Thanks for those timings, MichaelW. It again shows a clear and fascinating discrepancy between P3 and P4, in that the code from PDixon is consistently and significantly faster than mine on P3. The severe increase in latency of the MUL operation from 4 clocks to 14 clocks (according to Agner's info) is the most likely suspect.

This is clearly a routine that is well-optimised for P4 only, and PDixon's code for converting DWORDs is much better suited for anyone knowingly targetting P3. However, as a general case that can manage QWORDs if necessary, and where the possibility/likelihood is that the end user will have a P4, this does seem to be the winning approach. Anyone sufficiently concerned about processor-specific code will no doubt have already got some sort of switch-test set up that could take advantage of this.

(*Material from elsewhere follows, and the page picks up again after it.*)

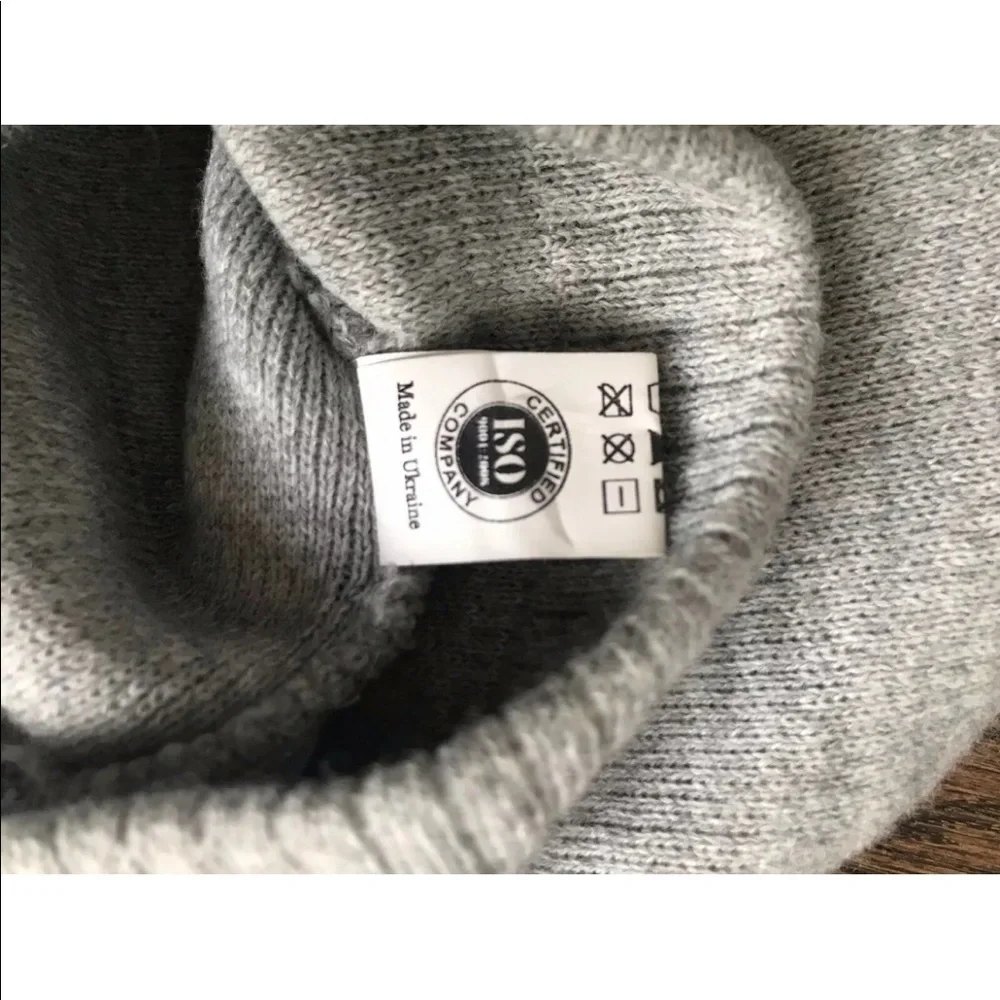 Beanie boys sz 52 cm 4-8 years old Classic brand Wool/ Cotton new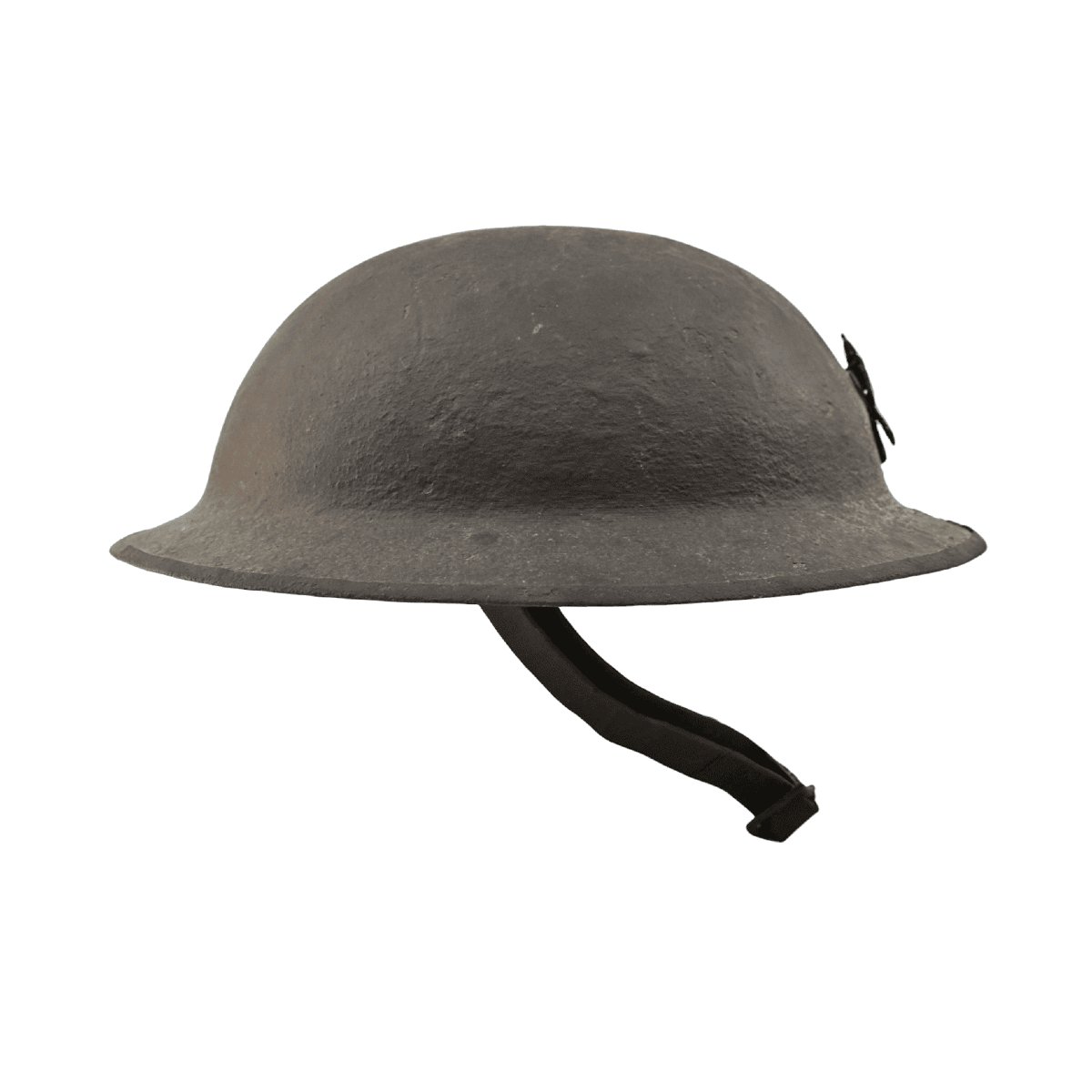 Casque Brodie Britannique de la Première Guerre Mondiale-photo-2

It's just a shame that the code cannot easily be contracted into master loops because of the changing "magic numbers". There is one more register to play with...  ::)

Ian_B

Here's a final version of the routine, with entry points for signed and unsigned QWORDs and signed DWORDs. This is a "package" which uses the same core code for all the conversions. It can be improved slightly if your code module uses OPTION NOSCOPED, as this will allow a jump to a label inside a procedure from another procedure (normally internal labels are not visible from outside the procedure) which means the work routine can be neatly merged into the QWtoASCII one with just a jump label to define it. However this is not suitable for most people's code as OPTION SCOPED is somewhat safer while allowing limited label reuse.

There are some more optimisations to this version, I managed to get another 10% or so improvement in speed generally on my P4. The change to the ADD/ADC at the very top of the SQWtoASCII code made the most difference for me, almost halving the clocks taken to produce the single-digit output.

This hasn't been a Laboratory project that's drawn much attention, which in a way is surprising as a QWORD/DWORD to ASCII routine has to be the single conversion most people are likely to need, where they have any code which outputs the values of numbers on-screen to the user or to file, whether it's file sizes (my concern), loop counts, counts of errors found, line-numbers, or any manner of numerical output. That's why I've felt it was worth pursuing a fastest possible version, however unwieldy, as in profiling terms this is likely to be an important interface component for many.

IanB


[attachment deleted by admin]

dioxin

Ian,
<<Here's a final version of the routine>>

How many times do we hear that only for it to be followed a day or two later with an update!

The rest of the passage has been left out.